__EXERCISE INSTRUCTIONS__
In the entries that follow, the first line to write out is the one containing "3D Rendering Haumea", and the last is the one containing "APART Jumpsuit mit". Reproduce that stretch exactly, with nothing before or after it.

__EXTRACTED INFORMATION__
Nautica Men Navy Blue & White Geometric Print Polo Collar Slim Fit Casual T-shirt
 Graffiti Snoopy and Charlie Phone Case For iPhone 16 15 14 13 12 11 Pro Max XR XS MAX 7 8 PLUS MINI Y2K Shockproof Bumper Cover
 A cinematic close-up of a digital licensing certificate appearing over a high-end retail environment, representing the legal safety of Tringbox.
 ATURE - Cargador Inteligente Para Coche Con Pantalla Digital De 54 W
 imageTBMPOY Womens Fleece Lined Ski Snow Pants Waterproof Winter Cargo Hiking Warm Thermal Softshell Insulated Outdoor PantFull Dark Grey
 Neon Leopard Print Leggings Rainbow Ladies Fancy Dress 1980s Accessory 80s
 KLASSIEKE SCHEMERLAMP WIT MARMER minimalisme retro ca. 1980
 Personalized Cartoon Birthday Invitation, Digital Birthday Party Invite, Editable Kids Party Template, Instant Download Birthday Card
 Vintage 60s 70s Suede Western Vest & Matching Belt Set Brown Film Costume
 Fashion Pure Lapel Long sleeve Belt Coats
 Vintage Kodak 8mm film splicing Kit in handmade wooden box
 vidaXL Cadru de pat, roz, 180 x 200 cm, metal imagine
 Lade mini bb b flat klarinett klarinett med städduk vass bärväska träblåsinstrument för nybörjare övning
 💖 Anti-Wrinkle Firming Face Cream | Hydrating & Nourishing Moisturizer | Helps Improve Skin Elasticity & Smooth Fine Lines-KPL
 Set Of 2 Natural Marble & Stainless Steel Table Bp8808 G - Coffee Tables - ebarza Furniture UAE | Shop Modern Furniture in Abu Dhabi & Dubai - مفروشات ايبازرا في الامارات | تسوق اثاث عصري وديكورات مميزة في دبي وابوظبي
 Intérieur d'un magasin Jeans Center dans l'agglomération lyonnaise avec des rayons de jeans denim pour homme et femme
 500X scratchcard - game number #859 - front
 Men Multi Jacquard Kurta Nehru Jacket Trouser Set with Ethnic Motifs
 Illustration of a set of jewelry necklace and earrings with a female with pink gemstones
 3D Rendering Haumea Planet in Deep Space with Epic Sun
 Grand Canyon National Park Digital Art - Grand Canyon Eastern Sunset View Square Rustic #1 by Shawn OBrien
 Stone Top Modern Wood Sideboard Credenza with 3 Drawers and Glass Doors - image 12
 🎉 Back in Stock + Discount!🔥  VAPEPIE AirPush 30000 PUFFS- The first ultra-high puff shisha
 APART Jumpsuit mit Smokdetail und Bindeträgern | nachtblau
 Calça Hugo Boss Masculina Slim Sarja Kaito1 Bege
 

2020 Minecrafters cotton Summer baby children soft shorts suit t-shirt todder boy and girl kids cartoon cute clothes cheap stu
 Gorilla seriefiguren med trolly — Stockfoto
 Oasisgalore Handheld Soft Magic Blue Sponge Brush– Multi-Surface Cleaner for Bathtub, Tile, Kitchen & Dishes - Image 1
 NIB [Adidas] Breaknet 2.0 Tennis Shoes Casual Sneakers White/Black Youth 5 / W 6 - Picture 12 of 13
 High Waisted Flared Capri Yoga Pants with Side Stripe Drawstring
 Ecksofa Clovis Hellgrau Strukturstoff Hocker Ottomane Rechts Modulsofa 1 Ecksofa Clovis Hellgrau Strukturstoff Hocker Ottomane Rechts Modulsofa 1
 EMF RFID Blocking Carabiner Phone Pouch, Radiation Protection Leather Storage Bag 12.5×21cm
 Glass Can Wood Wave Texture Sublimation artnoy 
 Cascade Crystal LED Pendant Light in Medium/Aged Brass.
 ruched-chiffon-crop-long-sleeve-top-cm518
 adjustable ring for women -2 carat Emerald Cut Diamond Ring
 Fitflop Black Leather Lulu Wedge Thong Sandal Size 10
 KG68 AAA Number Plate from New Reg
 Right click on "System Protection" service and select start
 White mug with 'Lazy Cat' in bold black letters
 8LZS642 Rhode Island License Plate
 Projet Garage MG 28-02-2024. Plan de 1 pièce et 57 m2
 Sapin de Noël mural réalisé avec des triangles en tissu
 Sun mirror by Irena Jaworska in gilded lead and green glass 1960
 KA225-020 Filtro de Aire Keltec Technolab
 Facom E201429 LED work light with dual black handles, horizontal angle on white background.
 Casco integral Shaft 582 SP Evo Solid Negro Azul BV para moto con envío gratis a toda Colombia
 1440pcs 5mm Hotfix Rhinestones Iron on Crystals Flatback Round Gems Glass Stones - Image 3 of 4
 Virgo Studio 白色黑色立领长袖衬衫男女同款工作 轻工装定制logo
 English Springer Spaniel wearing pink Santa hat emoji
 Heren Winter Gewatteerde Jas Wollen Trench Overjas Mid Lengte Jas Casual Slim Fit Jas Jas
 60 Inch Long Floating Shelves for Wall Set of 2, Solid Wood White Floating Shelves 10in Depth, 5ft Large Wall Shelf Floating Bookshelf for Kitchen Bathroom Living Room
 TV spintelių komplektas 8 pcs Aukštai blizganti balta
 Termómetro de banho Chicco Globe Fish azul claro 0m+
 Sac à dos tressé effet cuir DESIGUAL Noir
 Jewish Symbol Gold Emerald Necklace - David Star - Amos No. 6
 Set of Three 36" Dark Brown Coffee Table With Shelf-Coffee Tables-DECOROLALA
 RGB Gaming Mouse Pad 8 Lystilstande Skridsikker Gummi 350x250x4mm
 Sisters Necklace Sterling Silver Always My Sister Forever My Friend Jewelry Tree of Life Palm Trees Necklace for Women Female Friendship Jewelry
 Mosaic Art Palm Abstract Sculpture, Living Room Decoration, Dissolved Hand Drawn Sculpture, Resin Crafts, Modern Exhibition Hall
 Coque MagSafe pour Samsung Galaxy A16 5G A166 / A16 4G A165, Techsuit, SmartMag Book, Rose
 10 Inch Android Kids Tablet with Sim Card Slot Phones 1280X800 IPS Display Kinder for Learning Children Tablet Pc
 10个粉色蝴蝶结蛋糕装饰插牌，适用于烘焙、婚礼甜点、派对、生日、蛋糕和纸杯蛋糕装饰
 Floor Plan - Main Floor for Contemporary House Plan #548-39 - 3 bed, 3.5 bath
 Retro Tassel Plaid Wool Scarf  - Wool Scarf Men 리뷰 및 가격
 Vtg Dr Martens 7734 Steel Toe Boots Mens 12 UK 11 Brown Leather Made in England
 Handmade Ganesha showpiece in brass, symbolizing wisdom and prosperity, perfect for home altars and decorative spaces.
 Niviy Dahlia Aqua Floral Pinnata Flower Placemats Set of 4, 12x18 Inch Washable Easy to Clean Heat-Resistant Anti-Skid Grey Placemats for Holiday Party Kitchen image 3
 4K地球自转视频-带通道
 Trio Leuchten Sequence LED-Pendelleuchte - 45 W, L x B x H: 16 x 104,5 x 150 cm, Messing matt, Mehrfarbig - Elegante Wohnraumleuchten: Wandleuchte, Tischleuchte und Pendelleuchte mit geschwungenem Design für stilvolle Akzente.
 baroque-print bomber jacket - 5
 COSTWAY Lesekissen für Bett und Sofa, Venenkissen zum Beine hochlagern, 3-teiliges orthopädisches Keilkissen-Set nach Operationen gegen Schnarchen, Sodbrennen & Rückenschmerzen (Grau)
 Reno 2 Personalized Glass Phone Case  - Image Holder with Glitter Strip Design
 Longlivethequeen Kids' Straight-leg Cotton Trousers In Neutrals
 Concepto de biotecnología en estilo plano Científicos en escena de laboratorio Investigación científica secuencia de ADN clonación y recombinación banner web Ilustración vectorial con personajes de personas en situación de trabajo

__SOLUTION BELOW__
 3D Rendering Haumea Planet in Deep Space with Epic Sun
 Grand Canyon National Park Digital Art - Grand Canyon Eastern Sunset View Square Rustic #1 by Shawn OBrien
 Stone Top Modern Wood Sideboard Credenza with 3 Drawers and Glass Doors - image 12
 🎉 Back in Stock + Discount!🔥  VAPEPIE AirPush 30000 PUFFS- The first ultra-high puff shisha
 APART Jumpsuit mit Smokdetail und Bindeträgern | nachtblau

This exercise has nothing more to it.